Member of the National Assembly of Pakistan
- Incumbent
- Assumed office 27 November 2025
- Preceded by: Zartaj Gul
- Constituency: NA-185 Dera Ghazi Khan-II

Member of the Provincial Assembly of the Punjab
- In office 23 February 2024 – 5 November 2025
- In office 1 June 2013 – 31 May 2018

Tehsil Nazim, Dera Ghazi Khan
- In office 2005–2009

Personal details
- Born: 1 January 1963 (age 63) Dera Ghazi Khan, Punjab, Pakistan
- Party: PMLN (2013-present)

= Mehmood Qadir Khan =

Pakistani politician

Mehmood Qadir Khan Leghari is a Pakistani politician who is Member of the National Assembly of Pakistan from 27 November 2025, Member of the Provincial Assembly of the Punjab, from February 2024 to November 2025, and previously from May 2013 to May 2018

==Early life and education==
He was born on 1 January 1963 in Dera Ghazi Khan.

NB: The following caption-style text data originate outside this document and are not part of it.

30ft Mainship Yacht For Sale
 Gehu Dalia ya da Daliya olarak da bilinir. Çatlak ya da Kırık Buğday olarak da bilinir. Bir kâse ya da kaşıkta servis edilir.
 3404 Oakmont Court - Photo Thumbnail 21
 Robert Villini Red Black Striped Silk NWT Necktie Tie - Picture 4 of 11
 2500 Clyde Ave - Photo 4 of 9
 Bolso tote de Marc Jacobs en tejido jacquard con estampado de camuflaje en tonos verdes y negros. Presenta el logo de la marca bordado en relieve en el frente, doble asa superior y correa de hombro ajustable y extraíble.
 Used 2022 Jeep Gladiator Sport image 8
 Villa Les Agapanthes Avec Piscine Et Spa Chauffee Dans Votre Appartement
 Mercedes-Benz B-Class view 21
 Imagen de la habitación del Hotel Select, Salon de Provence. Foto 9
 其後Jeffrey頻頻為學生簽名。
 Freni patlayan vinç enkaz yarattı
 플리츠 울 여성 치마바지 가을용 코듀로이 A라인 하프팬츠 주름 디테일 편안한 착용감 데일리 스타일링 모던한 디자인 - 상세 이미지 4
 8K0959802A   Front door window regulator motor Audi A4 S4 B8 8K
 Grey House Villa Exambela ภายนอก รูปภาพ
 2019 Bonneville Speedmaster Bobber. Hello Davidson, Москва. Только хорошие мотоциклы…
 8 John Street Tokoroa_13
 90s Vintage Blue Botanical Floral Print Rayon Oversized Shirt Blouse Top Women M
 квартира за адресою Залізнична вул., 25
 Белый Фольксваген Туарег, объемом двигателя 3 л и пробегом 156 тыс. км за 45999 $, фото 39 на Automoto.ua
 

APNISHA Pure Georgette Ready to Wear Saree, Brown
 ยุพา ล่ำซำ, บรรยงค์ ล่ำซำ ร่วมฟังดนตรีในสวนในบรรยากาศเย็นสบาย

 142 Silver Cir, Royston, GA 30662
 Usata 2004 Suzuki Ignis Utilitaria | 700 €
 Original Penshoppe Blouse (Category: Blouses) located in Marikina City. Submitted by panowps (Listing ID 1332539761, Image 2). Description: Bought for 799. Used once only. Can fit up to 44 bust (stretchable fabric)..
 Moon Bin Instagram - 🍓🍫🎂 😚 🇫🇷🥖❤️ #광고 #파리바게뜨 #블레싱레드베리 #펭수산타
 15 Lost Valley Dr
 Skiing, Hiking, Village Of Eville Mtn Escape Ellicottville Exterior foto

He has the degree of Master of Business Administration which he obtained in 1987 from University of the Punjab.

==Political career==

He was elected to the Provincial Assembly of the Punjab as an independent candidate from Constituency PP-246 (Dera Ghazi Khan-VII) in the 2013 Pakistani general election. He joined Pakistan Muslim League (N) in May 2013.

In December 2013, he was appointed as Parliamentary Secretary for Chief Minister's Inspection Team.

He has also served as Tehsil Nazim, Dera Ghazi Khan from 2005 to 2009.